__REQUIREMENT__. Which of the lines below mention the word "Sports"? Pull each one out.

[Data items]
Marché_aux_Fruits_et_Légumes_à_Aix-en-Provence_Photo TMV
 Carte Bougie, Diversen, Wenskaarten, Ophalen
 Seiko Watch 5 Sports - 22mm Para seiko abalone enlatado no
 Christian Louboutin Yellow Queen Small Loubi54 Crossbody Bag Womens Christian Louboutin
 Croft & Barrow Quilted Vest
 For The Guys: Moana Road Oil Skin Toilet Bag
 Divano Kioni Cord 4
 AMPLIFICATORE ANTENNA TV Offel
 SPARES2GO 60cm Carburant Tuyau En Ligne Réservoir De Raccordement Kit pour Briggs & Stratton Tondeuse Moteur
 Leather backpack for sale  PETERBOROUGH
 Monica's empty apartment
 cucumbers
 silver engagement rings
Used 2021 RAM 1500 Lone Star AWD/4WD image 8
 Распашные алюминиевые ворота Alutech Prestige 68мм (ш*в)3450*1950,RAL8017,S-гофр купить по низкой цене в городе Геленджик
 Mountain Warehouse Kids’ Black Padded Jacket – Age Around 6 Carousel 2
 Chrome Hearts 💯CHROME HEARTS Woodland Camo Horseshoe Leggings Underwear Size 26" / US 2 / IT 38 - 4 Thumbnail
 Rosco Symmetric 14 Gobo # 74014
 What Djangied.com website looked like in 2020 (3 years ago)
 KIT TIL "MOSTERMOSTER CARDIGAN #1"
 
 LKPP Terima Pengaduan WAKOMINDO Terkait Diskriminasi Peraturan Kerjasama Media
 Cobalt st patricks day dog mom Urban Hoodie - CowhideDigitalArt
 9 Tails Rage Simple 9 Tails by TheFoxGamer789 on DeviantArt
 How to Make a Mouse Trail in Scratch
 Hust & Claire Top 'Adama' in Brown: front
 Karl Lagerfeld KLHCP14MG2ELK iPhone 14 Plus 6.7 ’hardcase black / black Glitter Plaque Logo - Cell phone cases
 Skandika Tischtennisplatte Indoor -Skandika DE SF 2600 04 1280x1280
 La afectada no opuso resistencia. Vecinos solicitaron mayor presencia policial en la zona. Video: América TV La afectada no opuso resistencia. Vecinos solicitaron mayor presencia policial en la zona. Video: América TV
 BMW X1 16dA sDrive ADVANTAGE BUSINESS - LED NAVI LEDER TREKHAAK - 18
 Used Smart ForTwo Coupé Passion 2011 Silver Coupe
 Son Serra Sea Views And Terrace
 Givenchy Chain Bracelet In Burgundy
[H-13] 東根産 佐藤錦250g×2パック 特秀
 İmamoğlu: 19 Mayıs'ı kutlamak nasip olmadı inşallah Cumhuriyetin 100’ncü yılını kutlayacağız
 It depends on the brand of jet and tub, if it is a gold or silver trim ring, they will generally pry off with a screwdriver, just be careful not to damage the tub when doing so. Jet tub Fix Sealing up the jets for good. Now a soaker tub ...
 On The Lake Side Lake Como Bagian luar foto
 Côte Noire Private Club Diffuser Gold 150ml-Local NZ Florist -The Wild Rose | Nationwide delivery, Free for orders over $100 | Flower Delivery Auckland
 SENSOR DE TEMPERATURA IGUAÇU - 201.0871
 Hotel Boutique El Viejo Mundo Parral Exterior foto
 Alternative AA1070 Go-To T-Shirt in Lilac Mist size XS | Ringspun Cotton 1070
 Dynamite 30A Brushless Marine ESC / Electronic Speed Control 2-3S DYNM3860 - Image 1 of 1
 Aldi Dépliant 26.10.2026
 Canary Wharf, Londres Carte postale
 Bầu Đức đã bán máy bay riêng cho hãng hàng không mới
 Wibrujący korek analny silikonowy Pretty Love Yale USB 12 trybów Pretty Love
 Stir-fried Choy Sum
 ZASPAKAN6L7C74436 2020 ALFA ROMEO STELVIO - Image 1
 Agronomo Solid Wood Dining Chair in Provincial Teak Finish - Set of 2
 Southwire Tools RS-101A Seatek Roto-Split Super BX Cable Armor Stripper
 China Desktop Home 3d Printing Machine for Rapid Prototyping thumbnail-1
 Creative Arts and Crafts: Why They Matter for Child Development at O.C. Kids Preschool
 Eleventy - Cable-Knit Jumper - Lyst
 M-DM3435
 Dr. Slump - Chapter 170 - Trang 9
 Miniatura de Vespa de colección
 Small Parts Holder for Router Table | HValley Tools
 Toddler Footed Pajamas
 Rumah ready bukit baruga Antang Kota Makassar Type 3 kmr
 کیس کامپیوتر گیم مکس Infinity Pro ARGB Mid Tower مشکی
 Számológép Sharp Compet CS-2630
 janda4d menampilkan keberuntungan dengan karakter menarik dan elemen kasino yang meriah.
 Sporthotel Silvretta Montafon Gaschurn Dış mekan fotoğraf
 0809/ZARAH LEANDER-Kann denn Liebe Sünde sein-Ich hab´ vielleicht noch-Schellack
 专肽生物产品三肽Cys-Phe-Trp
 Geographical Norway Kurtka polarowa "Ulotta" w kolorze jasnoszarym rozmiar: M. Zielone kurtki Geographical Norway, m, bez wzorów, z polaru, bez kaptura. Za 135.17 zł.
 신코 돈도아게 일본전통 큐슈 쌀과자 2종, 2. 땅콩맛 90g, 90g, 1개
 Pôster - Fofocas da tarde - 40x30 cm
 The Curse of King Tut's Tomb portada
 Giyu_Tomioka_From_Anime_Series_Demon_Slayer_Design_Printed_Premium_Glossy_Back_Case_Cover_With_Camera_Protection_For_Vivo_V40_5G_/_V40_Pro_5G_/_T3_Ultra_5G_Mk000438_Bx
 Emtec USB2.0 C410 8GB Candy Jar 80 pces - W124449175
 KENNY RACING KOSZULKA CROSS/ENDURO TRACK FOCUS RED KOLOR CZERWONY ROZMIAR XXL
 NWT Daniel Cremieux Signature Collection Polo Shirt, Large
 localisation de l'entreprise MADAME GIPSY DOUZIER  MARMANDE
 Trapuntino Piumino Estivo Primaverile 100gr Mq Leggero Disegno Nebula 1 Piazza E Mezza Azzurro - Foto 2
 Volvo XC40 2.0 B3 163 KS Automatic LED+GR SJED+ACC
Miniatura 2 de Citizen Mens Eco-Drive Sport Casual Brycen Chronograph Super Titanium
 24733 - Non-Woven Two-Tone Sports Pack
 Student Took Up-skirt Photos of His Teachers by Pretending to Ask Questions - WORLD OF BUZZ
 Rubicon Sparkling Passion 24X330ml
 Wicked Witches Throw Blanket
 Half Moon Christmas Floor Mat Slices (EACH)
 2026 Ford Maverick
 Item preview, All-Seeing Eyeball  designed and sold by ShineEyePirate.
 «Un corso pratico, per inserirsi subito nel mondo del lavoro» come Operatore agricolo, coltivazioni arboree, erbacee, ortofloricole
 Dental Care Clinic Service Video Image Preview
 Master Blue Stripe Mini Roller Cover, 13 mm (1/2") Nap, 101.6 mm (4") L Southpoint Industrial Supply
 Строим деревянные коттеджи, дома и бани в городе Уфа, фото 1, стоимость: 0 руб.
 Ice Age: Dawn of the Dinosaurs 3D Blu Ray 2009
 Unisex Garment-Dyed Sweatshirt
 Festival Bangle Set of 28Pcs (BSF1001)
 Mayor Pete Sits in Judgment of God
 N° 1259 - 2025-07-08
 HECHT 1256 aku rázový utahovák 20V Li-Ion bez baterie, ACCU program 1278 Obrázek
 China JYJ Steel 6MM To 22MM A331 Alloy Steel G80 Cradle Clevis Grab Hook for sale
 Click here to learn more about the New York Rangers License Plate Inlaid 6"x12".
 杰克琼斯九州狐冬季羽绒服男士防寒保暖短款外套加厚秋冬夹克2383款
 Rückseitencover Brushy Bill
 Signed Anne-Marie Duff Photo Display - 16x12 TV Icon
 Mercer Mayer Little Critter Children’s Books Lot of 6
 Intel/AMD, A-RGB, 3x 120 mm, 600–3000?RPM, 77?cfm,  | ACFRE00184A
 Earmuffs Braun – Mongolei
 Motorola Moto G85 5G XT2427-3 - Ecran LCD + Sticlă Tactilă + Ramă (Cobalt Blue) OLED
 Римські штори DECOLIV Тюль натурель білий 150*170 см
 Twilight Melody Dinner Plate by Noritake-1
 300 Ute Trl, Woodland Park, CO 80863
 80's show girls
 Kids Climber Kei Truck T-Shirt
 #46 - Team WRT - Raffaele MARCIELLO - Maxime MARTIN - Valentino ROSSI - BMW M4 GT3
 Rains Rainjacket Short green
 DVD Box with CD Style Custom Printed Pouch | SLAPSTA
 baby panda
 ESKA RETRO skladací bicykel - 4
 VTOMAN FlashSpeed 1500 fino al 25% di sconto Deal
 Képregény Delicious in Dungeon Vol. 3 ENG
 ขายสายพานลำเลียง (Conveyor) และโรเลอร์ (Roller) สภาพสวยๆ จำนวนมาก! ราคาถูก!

__YOUR SOLUTION__.
 Seiko Watch 5 Sports - 22mm Para seiko abalone enlatado no
 24733 - Non-Woven Two-Tone Sports Pack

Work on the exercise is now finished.